- **Exercise brief**:
Exclude the pictures, then restate exactly each line of the data below from the first through the line containing "Томат Золотая Канарейка".

- **Provided records**:
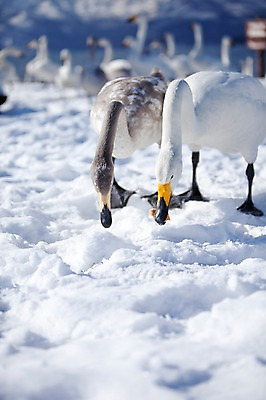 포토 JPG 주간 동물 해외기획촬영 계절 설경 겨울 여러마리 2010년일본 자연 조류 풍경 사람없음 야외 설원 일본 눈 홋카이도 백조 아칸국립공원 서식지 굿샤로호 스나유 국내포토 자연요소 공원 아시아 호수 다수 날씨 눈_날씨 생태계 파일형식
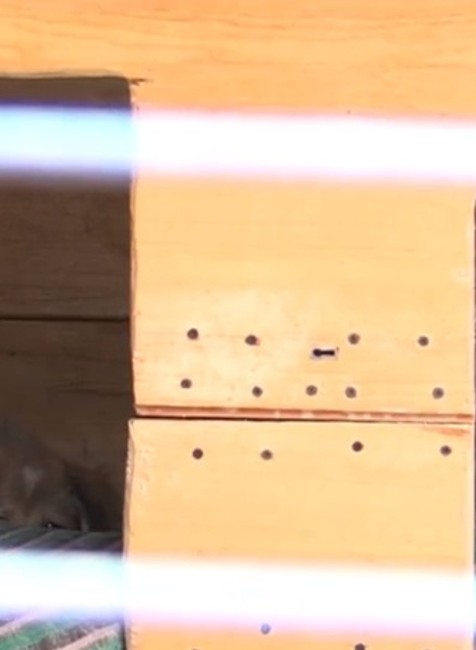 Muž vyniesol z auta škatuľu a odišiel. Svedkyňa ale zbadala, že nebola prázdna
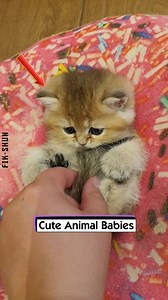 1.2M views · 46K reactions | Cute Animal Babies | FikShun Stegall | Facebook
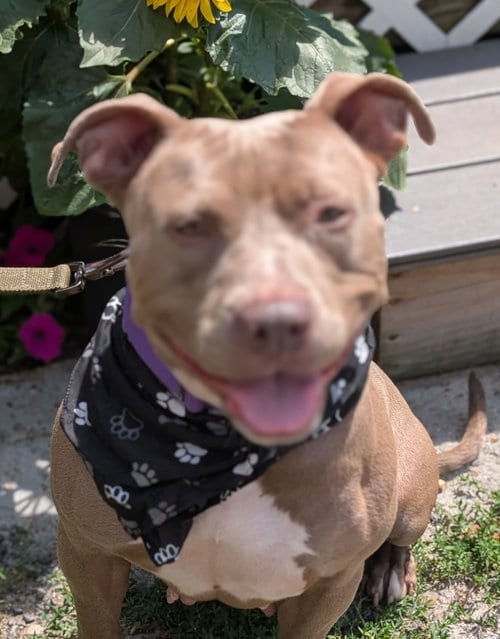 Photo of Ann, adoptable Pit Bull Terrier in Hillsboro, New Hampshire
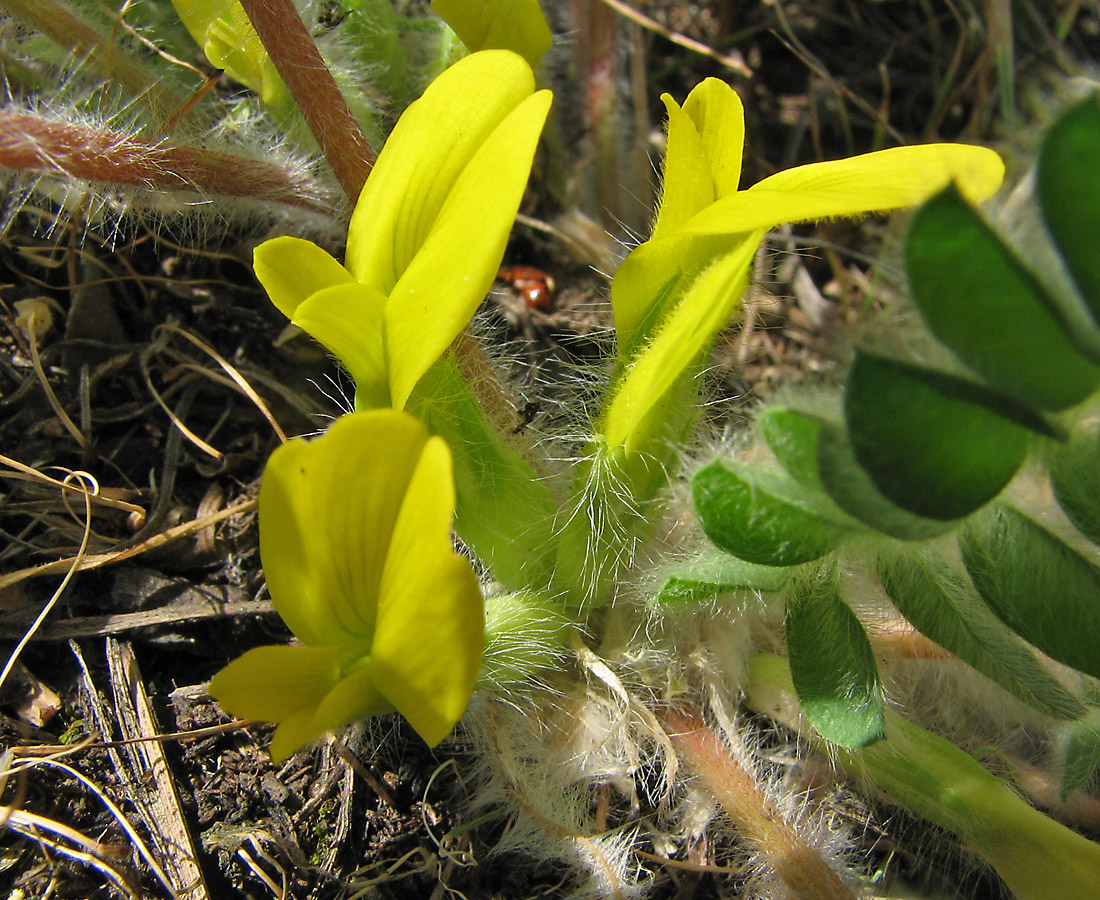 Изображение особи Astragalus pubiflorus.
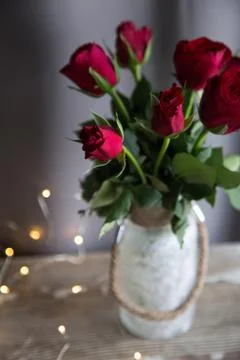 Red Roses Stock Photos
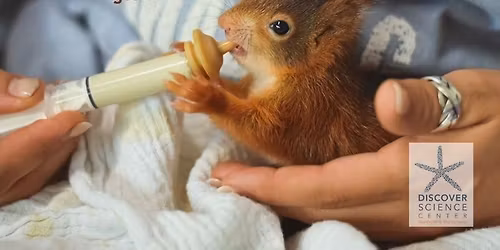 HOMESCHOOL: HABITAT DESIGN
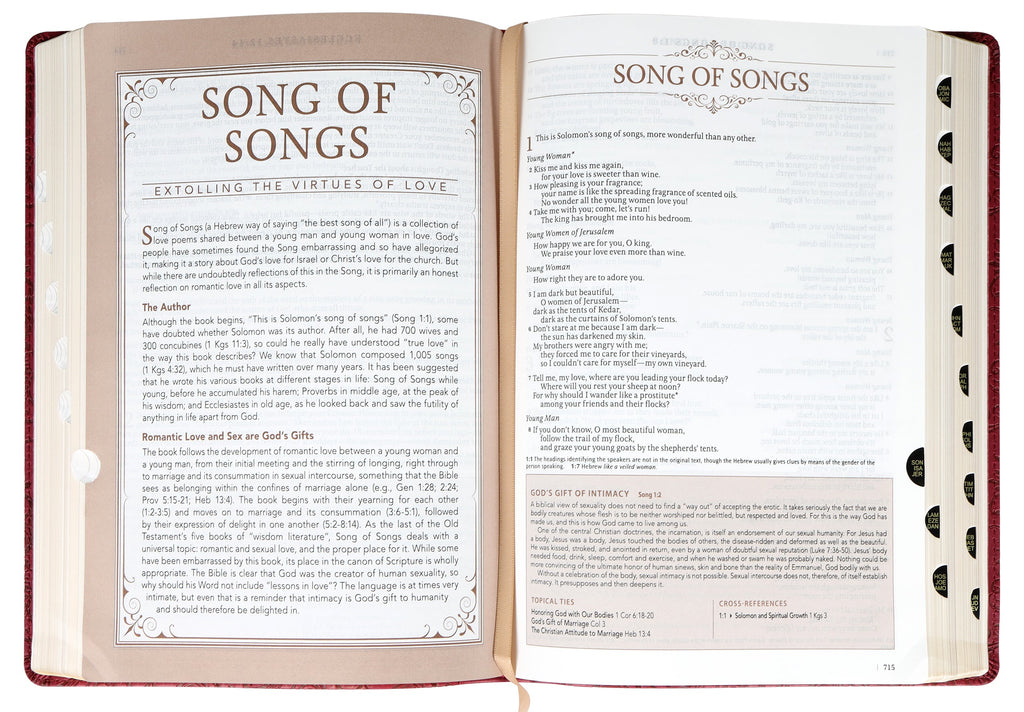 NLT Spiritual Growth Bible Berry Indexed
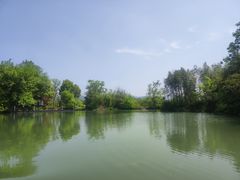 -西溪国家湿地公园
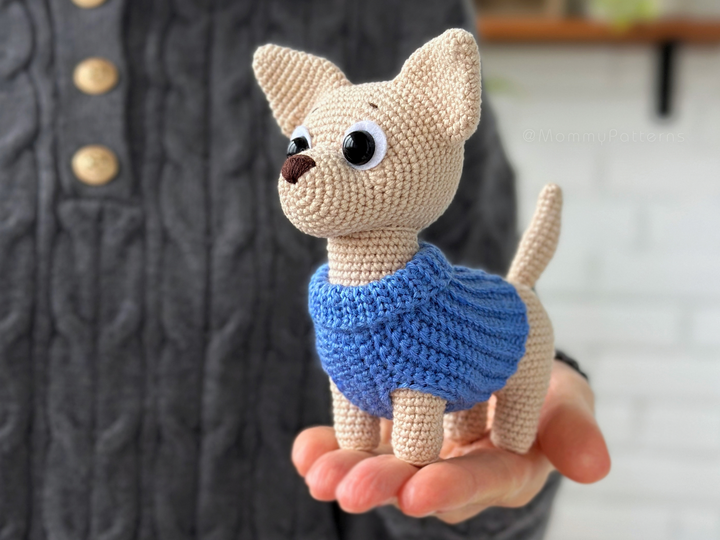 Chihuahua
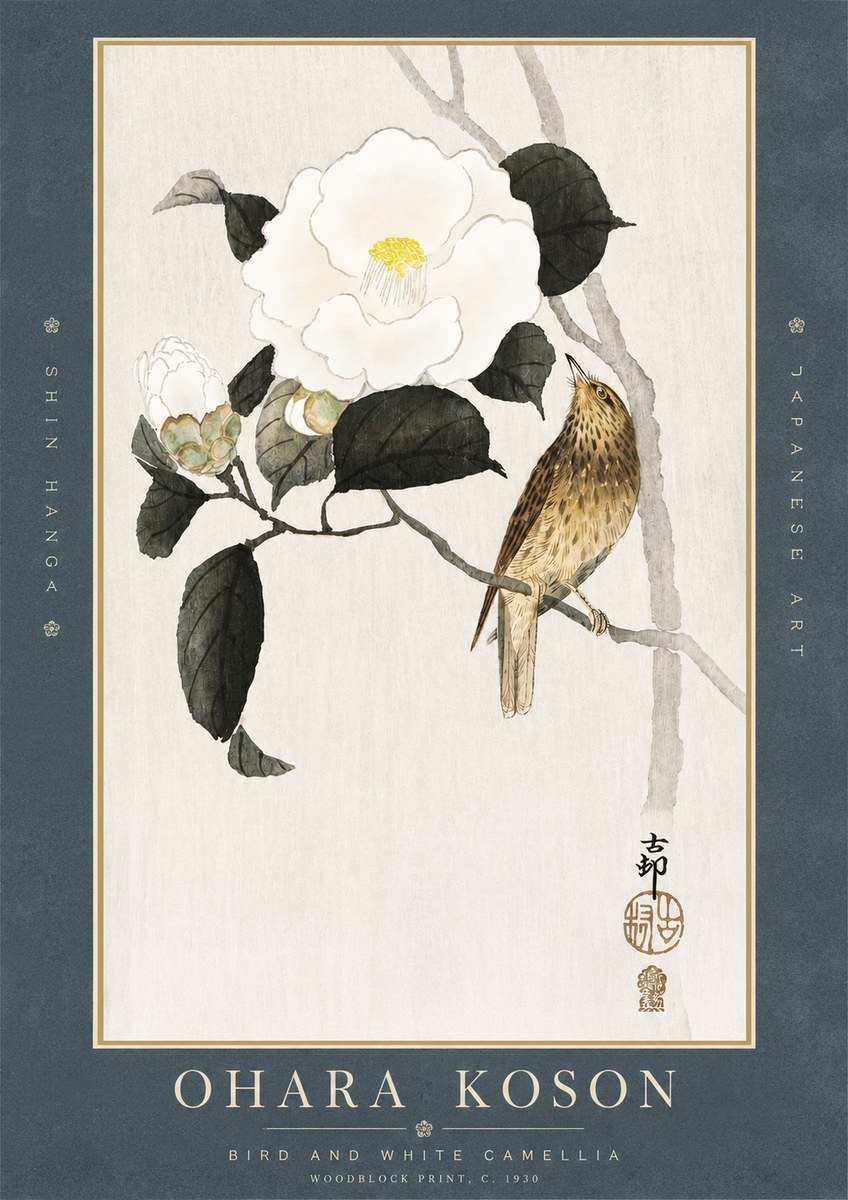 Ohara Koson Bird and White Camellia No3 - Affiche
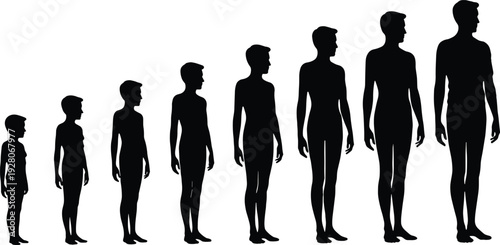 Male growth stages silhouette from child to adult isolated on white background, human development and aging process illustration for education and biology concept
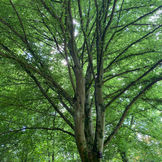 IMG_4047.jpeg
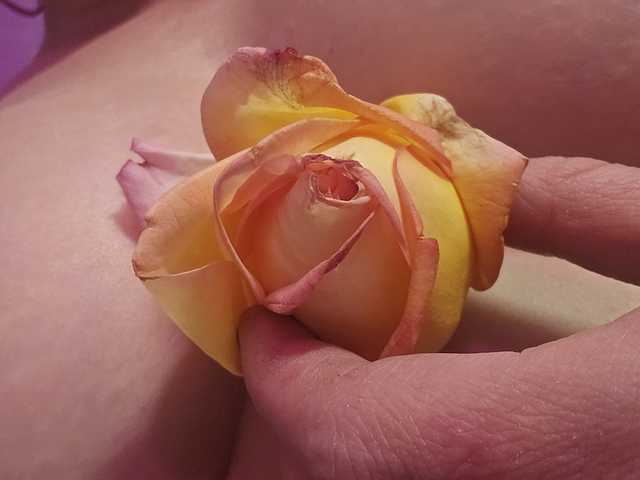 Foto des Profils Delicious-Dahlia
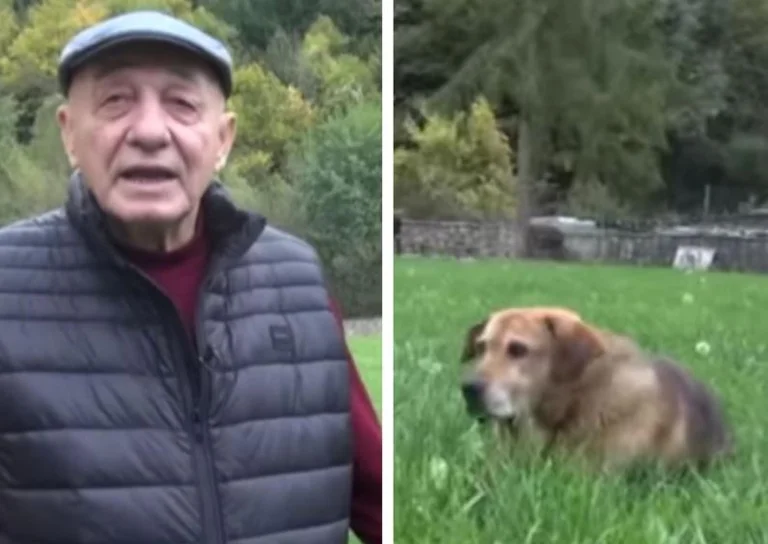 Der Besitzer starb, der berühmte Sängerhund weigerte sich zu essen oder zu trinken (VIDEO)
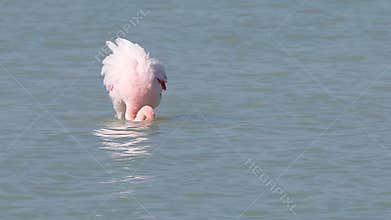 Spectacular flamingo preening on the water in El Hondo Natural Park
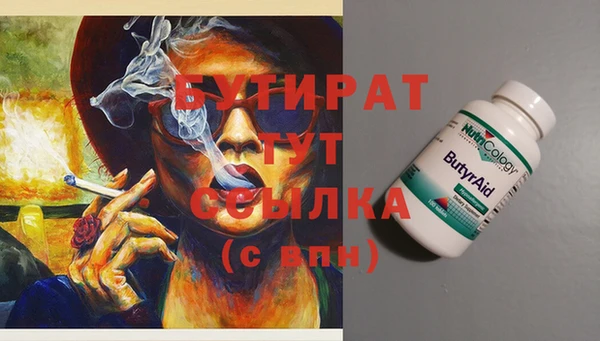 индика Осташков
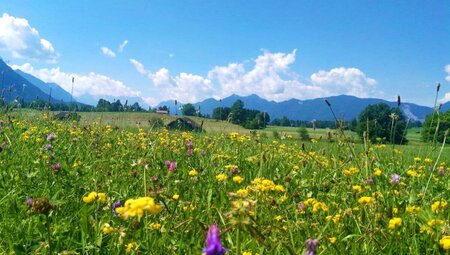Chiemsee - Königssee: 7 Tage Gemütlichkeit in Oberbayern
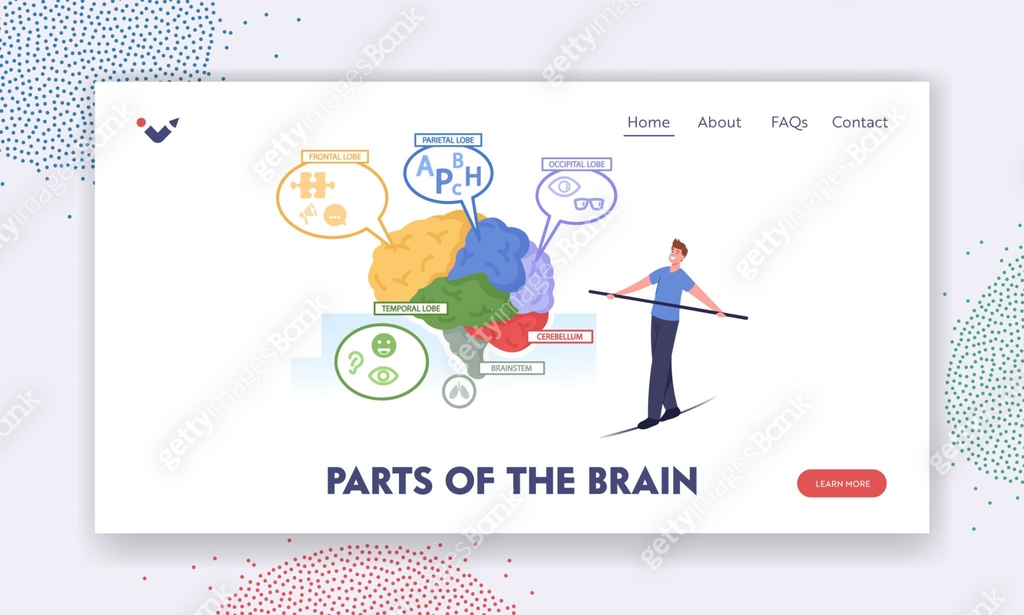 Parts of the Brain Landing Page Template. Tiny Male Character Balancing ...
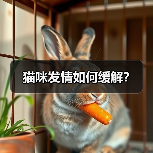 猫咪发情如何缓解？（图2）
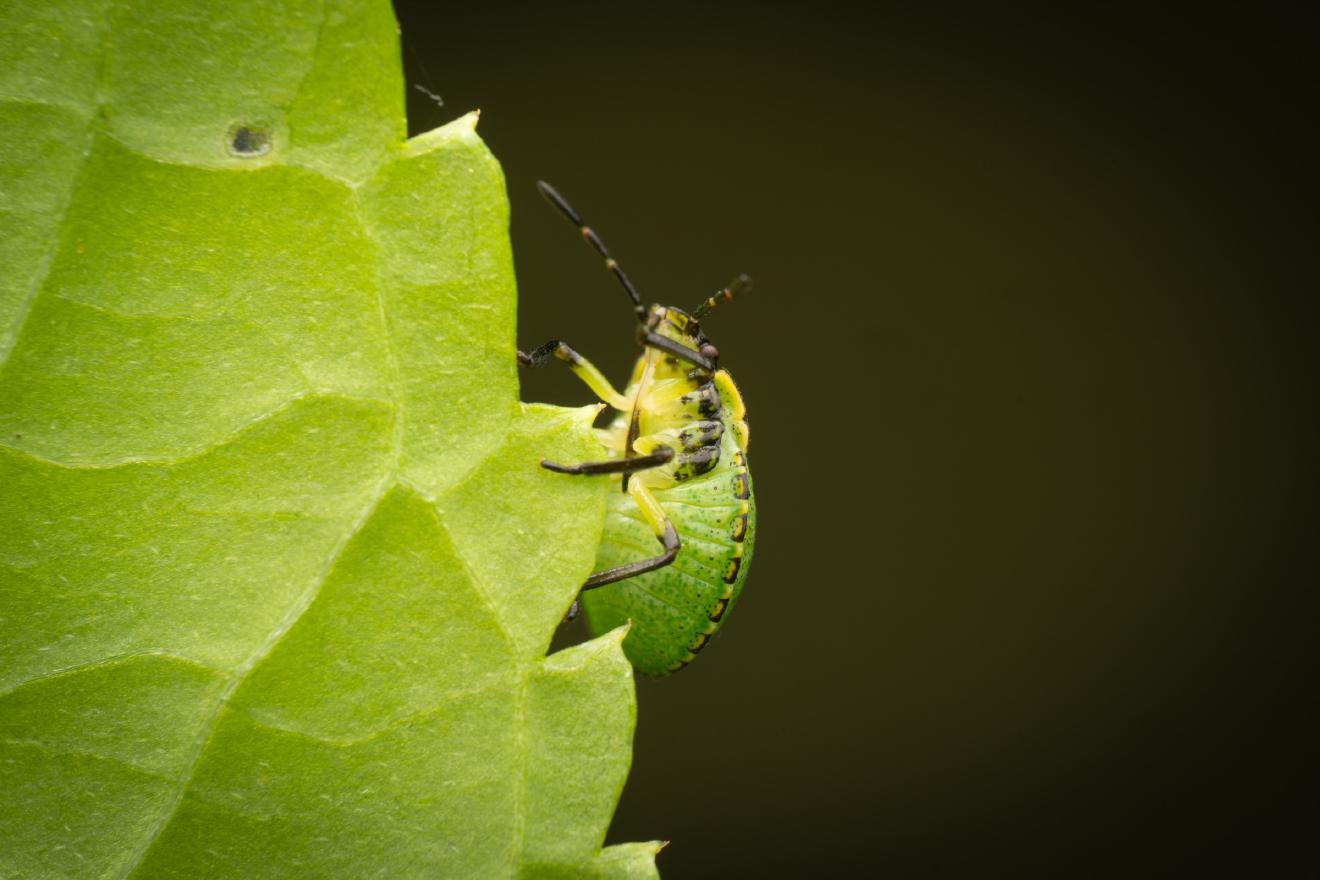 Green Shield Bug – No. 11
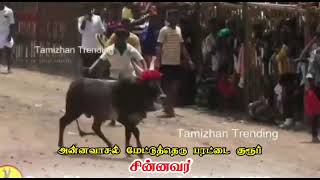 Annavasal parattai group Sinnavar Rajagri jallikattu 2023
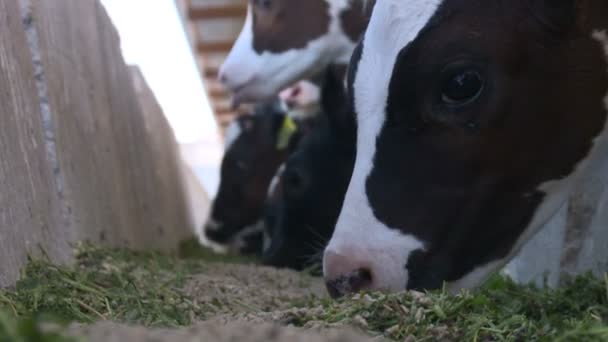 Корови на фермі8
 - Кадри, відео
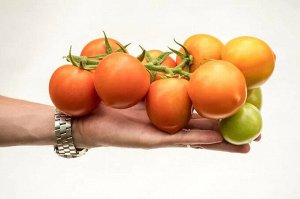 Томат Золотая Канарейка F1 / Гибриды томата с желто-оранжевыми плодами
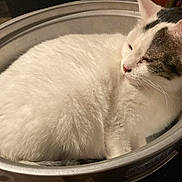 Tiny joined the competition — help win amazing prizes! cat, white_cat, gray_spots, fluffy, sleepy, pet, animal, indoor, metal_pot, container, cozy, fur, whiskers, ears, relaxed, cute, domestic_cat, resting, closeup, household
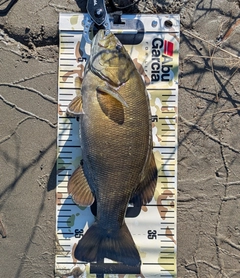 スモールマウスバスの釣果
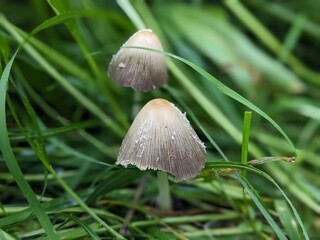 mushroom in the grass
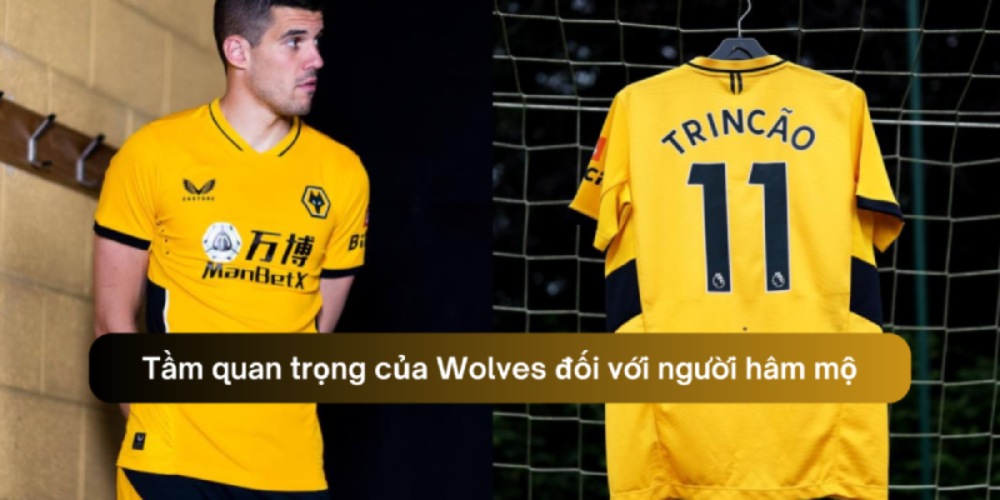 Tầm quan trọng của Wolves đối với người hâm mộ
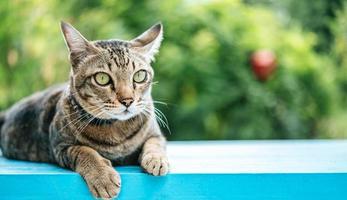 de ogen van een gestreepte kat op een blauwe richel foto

- **Exercise answer**:
 포토 JPG 주간 동물 해외기획촬영 계절 설경 겨울 여러마리 2010년일본 자연 조류 풍경 사람없음 야외 설원 일본 눈 홋카이도 백조 아칸국립공원 서식지 굿샤로호 스나유 국내포토 자연요소 공원 아시아 호수 다수 날씨 눈_날씨 생태계 파일형식
 Muž vyniesol z auta škatuľu a odišiel. Svedkyňa ale zbadala, že nebola prázdna
 1.2M views · 46K reactions | Cute Animal Babies | FikShun Stegall | Facebook
 Photo of Ann, adoptable Pit Bull Terrier in Hillsboro, New Hampshire
 Изображение особи Astragalus pubiflorus.
 Red Roses Stock Photos
 HOMESCHOOL: HABITAT DESIGN
 NLT Spiritual Growth Bible Berry Indexed
 -西溪国家湿地公园
 Chihuahua
 Ohara Koson Bird and White Camellia No3 - Affiche
 Male growth stages silhouette from child to adult isolated on white background, human development and aging process illustration for education and biology concept
 IMG_4047.jpeg
 Foto des Profils Delicious-Dahlia
 Der Besitzer starb, der berühmte Sängerhund weigerte sich zu essen oder zu trinken (VIDEO)
 Spectacular flamingo preening on the water in El Hondo Natural Park
 индика Осташков
Chiemsee - Königssee: 7 Tage Gemütlichkeit in Oberbayern
 Parts of the Brain Landing Page Template. Tiny Male Character Balancing ...
 猫咪发情如何缓解？（图2）
 Green Shield Bug – No. 11
 Annavasal parattai group Sinnavar Rajagri jallikattu 2023
 Корови на фермі8
 - Кадри, відео
 Томат Золотая Канарейка F1 / Гибриды томата с желто-оранжевыми плодами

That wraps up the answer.